At what PSI does the low oil pressure light trigger? The light does not come on however... 

I installed a NewSouth oil PSI gauge and notice: 

On first start of the day- 60psi idle 
After the oil heats up- steadily drops until 10psi idle. 
When at 2000 RPM 30-40psi 
When boosting heavily- 60+psi 

I have no strange noises or chain clacking. Should I be concerned?

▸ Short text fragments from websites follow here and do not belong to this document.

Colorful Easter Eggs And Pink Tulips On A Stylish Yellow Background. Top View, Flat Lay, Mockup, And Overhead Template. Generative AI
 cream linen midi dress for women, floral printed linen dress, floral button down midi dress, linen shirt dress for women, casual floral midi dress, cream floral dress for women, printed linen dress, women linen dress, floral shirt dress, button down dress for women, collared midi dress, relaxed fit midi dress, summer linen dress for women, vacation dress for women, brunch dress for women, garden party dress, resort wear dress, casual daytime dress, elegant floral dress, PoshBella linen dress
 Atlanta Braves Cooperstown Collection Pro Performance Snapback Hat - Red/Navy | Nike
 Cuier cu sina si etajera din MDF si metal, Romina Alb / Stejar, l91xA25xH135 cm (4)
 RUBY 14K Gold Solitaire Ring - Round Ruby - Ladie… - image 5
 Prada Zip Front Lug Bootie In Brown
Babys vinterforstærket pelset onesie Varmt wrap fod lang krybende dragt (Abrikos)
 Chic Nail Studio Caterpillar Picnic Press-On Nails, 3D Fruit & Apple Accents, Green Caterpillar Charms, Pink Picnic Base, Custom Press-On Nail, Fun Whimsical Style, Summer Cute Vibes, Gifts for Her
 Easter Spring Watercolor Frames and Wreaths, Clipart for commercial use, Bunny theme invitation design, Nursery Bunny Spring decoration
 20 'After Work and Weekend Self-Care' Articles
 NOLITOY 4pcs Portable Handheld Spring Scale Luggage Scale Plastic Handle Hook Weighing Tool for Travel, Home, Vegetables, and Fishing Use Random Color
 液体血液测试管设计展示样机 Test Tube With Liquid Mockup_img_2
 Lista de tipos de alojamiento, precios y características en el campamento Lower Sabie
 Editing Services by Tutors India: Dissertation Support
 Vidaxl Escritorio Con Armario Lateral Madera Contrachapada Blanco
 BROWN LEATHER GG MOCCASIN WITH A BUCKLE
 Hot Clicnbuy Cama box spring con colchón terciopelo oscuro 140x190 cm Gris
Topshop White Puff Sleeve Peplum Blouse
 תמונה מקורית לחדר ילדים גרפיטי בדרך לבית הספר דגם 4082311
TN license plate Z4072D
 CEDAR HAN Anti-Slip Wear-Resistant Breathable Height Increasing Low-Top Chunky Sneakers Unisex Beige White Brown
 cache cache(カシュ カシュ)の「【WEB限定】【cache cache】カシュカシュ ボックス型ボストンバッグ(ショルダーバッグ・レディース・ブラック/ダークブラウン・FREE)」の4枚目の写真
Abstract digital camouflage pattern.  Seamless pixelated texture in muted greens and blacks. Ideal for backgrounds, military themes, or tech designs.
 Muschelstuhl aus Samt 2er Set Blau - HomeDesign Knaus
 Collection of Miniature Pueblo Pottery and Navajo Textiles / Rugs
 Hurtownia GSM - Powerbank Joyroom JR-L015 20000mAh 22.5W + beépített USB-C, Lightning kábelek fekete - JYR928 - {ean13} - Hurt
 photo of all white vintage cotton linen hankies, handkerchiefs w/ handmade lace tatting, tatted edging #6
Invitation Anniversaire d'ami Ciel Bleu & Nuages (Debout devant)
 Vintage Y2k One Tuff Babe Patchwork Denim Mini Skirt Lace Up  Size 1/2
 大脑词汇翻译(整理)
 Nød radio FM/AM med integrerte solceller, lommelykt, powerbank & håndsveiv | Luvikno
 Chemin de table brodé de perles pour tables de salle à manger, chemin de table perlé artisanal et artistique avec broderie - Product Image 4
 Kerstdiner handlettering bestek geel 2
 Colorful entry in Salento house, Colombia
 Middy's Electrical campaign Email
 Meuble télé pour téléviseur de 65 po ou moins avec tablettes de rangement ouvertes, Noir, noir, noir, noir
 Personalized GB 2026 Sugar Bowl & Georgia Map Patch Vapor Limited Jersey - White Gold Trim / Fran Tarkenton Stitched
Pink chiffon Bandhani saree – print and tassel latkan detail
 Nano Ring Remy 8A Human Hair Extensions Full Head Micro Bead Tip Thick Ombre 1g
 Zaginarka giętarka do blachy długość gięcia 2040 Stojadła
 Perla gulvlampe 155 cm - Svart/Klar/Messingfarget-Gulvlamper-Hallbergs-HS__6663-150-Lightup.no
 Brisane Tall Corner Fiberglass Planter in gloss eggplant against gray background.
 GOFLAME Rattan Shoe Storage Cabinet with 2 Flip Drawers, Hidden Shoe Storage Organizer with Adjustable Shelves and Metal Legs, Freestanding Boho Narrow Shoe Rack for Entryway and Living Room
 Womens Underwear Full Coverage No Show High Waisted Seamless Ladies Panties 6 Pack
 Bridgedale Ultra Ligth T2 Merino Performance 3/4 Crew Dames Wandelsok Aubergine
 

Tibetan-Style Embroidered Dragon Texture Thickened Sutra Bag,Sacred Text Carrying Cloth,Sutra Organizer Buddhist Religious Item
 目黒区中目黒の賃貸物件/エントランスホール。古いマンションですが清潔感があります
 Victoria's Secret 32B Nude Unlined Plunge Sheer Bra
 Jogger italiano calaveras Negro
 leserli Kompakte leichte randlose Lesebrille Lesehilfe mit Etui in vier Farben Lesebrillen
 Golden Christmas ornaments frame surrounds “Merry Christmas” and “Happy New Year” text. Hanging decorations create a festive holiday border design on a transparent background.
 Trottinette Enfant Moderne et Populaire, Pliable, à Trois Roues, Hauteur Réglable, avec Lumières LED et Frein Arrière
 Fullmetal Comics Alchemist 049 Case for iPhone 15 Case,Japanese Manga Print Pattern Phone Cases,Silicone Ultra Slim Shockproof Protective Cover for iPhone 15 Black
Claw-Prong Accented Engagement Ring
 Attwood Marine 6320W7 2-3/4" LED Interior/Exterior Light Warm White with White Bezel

Thanks for the feedback!


----------



## slayer450 (Mar 23, 2013)

Usually 8psi will set the light. 

Sent from my R800i using Tapatalk 2


----------



## PoorMansDub (Nov 28, 2010)

Dam I'm cutting it close then...


----------



## slayer450 (Mar 23, 2013)

What oil are you running. You may want to try rotella 15-40. I had a problem with my turbo eclipse where the oil light would come on at an idle 500 miles after a change. I think it was the heat from the turbo turning it into water. Changed to rotella and no more light.

Sent from my R800i using Tapatalk 2


----------



## PoorMansDub (Nov 28, 2010)

Ya I'm using GTX Titanium I believe that's 5/30w. So basically you're recommending thicker oil.


----------



## 87vr6 (Jan 17, 2002)

*FV-QR*

wow 10psi? Both of my 1.8ts were around 18...


----------



## PoorMansDub (Nov 28, 2010)

I know right. I am at 5000 elevation if that makes a difference. If the oil light comes on I'll start with the pickup tube/pump and tensioner/chain. If it's still low then it's my bearings and I'll just have to run thicker oil until I can swap in some forged rods. 

Luckily there seem to be no ill effects, clacking, ticking, or knocking so I'm not worried as much as curious.


----------



## PoorMansDub (Nov 28, 2010)

*Solved*

Here we have an issue with the 42DD relocation kit. For whatever reason it reads low on the pressure gauge. It's ~20psi off! I always knew not to connect my oil temp gauge to the relocation kit but had never heard of it negatively affecting the oil PSI. Does anyone else have this kit and oil psi issues? Luckily this means my PSI is fine. No wonder the oil pressure light never triggered. 

http://forums.vwvortex.com/showthread.php?5646925-Oil-pressure-VRT


----------